Why Does Zantac Contain NDMA and Can’t They Purify It?

Did you know that the popular Zantac, also known by its generic name Ranitidine, has recently come under scrutiny due to the presence of a potential carcinogen? Specifically, N-nitrosodimethylamine (NDMA) has been detected in several batches of the drug. This article delves into the reasons behind the contamination, the testing process, and the ongoing investigation.

The Contamination of NDMA in Zantac

NDMA is a suspected human carcinogen. In 2019, the U.S. Food and Drug Administration (FDA) received a petition from Valisure, a citizen science organization, which had found unexpected levels of NDMA in samples of Zantac through their own testing methods. Valisure used a gas chromatography (GC) method, which can sometimes lead to the formation of NDMA due to degradation during the process.

Timeline of Events

The following timeline highlights key developments in the investigation of Zantac and NDMA:

September 9, 2019: Valisure petitioned the FDA, reporting unexpectedly high levels of NDMA in samples of Zantac. September 13, 2019: The FDA issued a statement informing the public about the detection of NDMA in samples of ranitidine. September 18, 2019: Sandoz (a division of Novartis AG) halted the distribution of Zantac as a precautionary measure. September 19, 2019: Some European Union countries, such as Germany, initiated recalls of Zantac due to a potentially contaminated active pharmaceutical ingredient (API) manufactured by Saraca Laboratories Ltd. September 20, 2019: Dr. Reddy’s Laboratories Ltd. also suspended the distribution of Zantac as a precaution. September 24, 2019: The FDA announced a voluntary recall of 14 lots of Sandoz ranitidine capsules after detecting impurities. September 26, 2019: The FDA initiated a voluntary recall of Zantac manufactured by Apotex Corp. October 2, 2019: The FDA updated the testing methods for detecting NDMA impurities, recommending the use of LC-HRMS over GC to prevent NDMA formation during testing.

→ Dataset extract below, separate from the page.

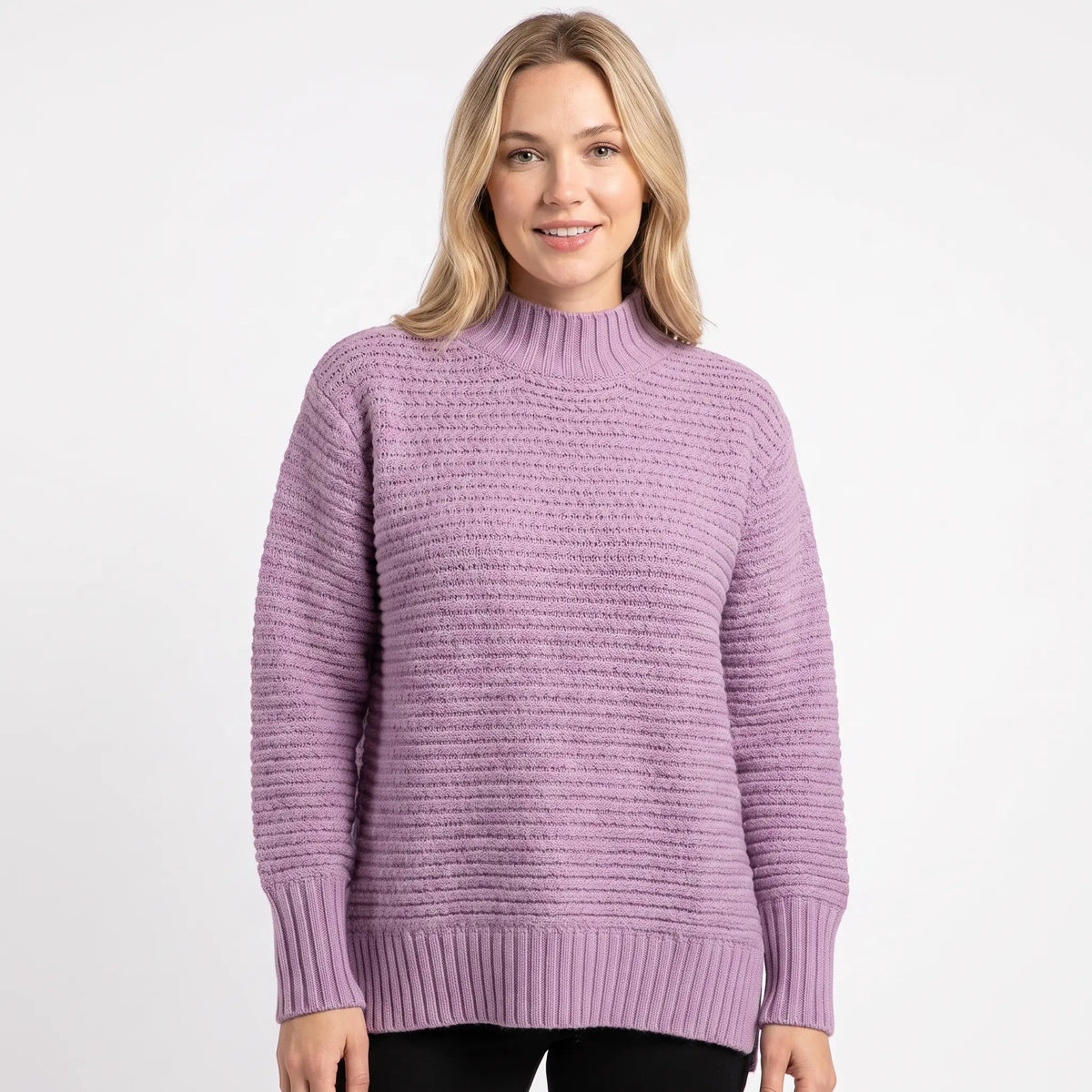 Women's Chunky Knit Winter Sweater Oversized Mock-Neck Pullover Edenforth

Understanding the Testing Process

The initial testing methods used by Valisure involved gas chromatography (GC), which can lead to the formation of NDMA during the process. This led to preliminary findings of 3 mg of NDMA per tablet. However, these results are now understood to be related to the degradation of the samples during testing rather than an inherent issue with the drug itself. Other studies, such as the 2016 article by Cohn and colleagues, suggest that ranitidine can form NDMA in the body under certain conditions.

The Role of Manufacturing and Stomach Conditions

Several factors might contribute to the presence of NDMA in Zantac:

Manufacturing issues: There is a possibility that some manufacturers are incorporating NDMA into their product due to changes in their manufacturing processes. Stomach conditions: Ranitidine, which has a nitrite functional group, can react with nitrite present in the stomach to form NDMA.

Valisure conducted tests using simulated gastric fluid and added sodium nitrite, a component present in some foods and produced by certain bacteria. They found that even with 25 mM sodium nitrite, they could detect 23600 ng per tablet of NDMA. This suggests that NDMA can form from ranitidine under stomach conditions, regardless of its initial presence in the tablet.

In addition, a 2016 study by Cohn and colleagues found a 400-fold increase in urinary NDMA concentrations after ranitidine consumption, indicating that NDMA can be formed within the body.

What Consumers Should Do

As a precaution, consumers should avoid Zantac until the investigation is complete. Healthcare professionals should consider alternative treatments for those currently using Zantac. However, it's important to note that while the presence of NDMA is concerning, the benefits of ranitidine for some medical conditions may outweigh the risks. Therefore, any decision to switch medications should be made in consultation with a healthcare professional.

Conclusion and Ongoing Investigation

While the investigation into the presence of NDMA in Zantac is ongoing, it is clear that this issue is complex and multifaceted. It involves both manufacturing and testing processes, as well as potential reactions within the body. The FDA and other medical agencies are working to thoroughly investigate this issue and take appropriate action.

As always, the goal is to balance the risks against the benefits of any medication. Stay informed and consult with your healthcare provider for the best course of action.